• _Exercise details_: Pictures aside, output each record exactly.

[Opening Exercise data section]

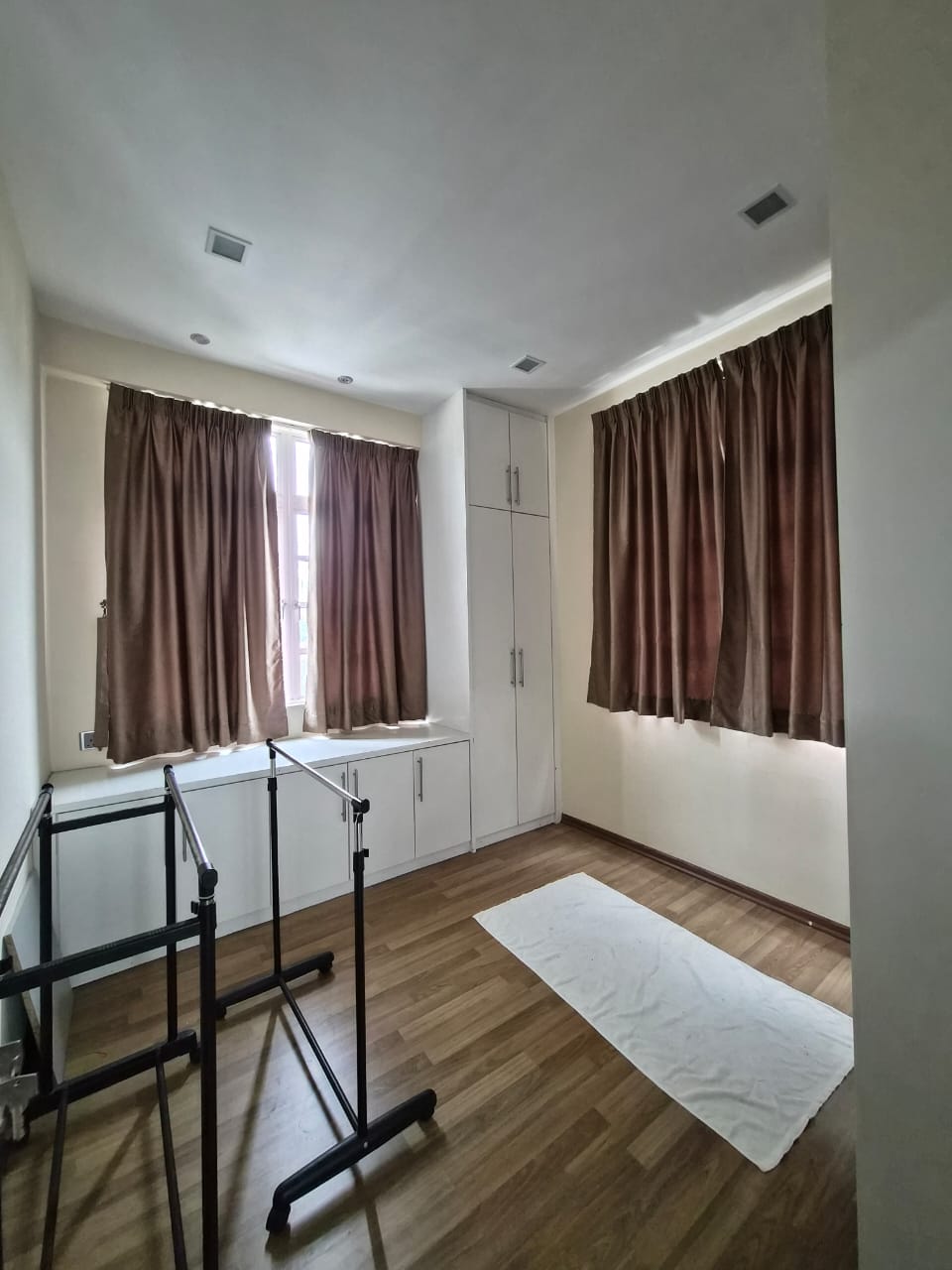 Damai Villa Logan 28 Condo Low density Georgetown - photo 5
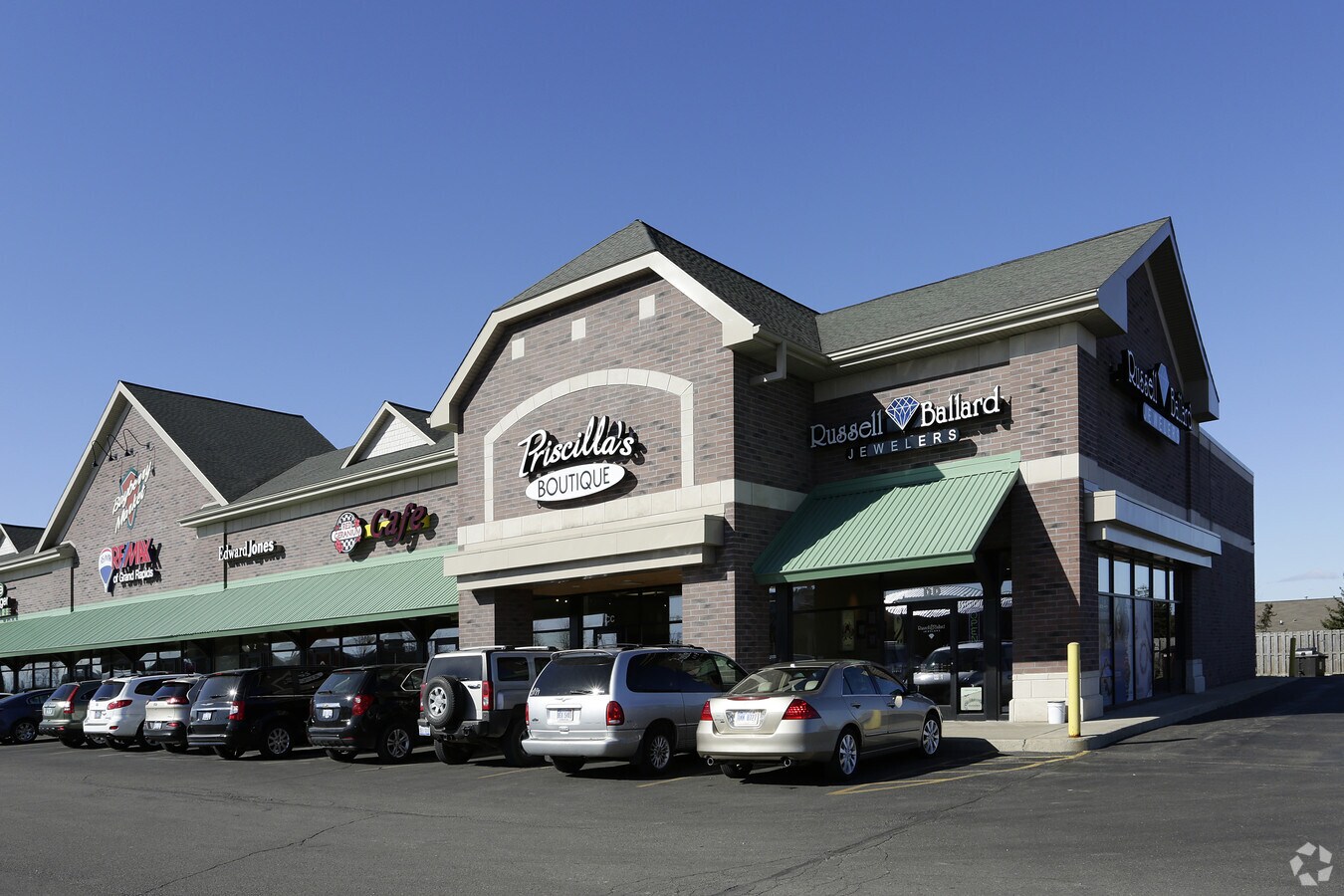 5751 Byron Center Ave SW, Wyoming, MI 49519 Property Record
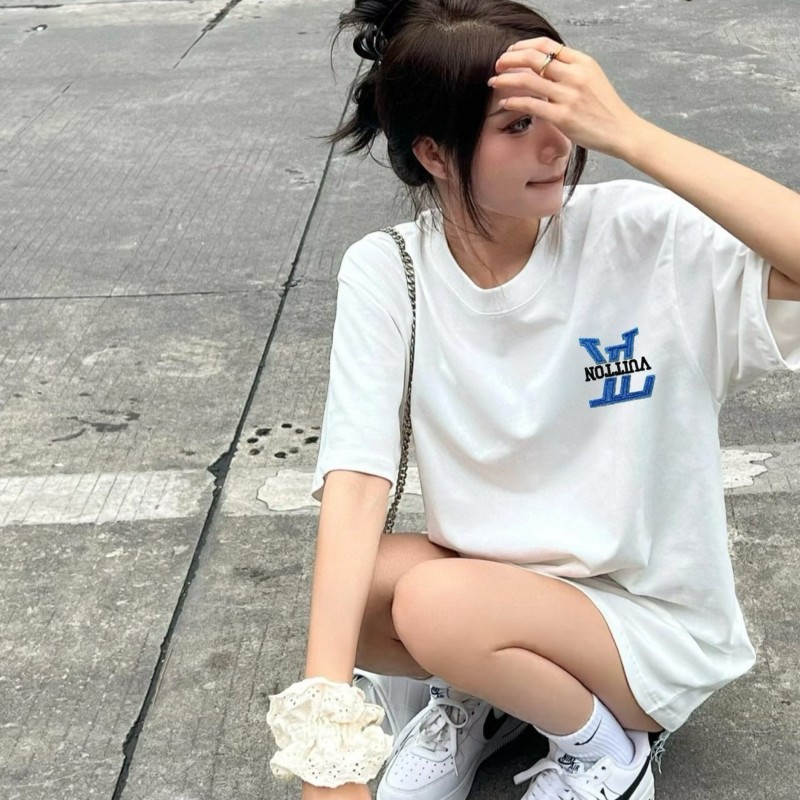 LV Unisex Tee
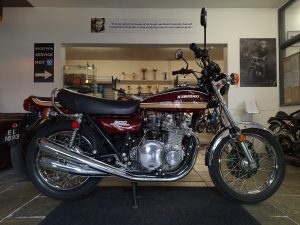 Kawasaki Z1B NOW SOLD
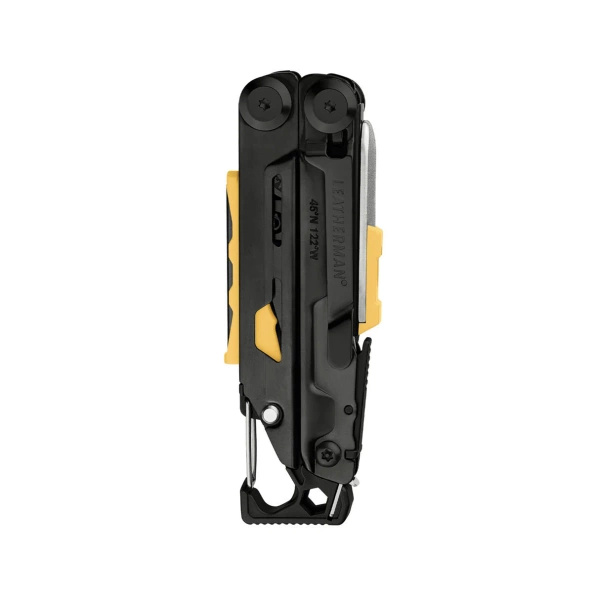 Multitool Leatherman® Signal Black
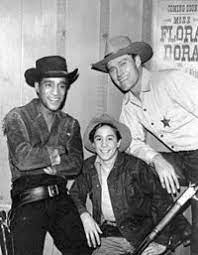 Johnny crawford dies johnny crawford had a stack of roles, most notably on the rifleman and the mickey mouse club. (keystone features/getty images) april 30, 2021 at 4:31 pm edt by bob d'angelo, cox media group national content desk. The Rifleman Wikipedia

[Closing Exercise data section]

• _Task solution_:
 Damai Villa Logan 28 Condo Low density Georgetown - photo 5
 5751 Byron Center Ave SW, Wyoming, MI 49519 Property Record
 LV Unisex Tee
 Kawasaki Z1B NOW SOLD
 Multitool Leatherman® Signal Black
 Johnny crawford dies johnny crawford had a stack of roles, most notably on the rifleman and the mickey mouse club. (keystone features/getty images) april 30, 2021 at 4:31 pm edt by bob d'angelo, cox media group national content desk. The Rifleman Wikipedia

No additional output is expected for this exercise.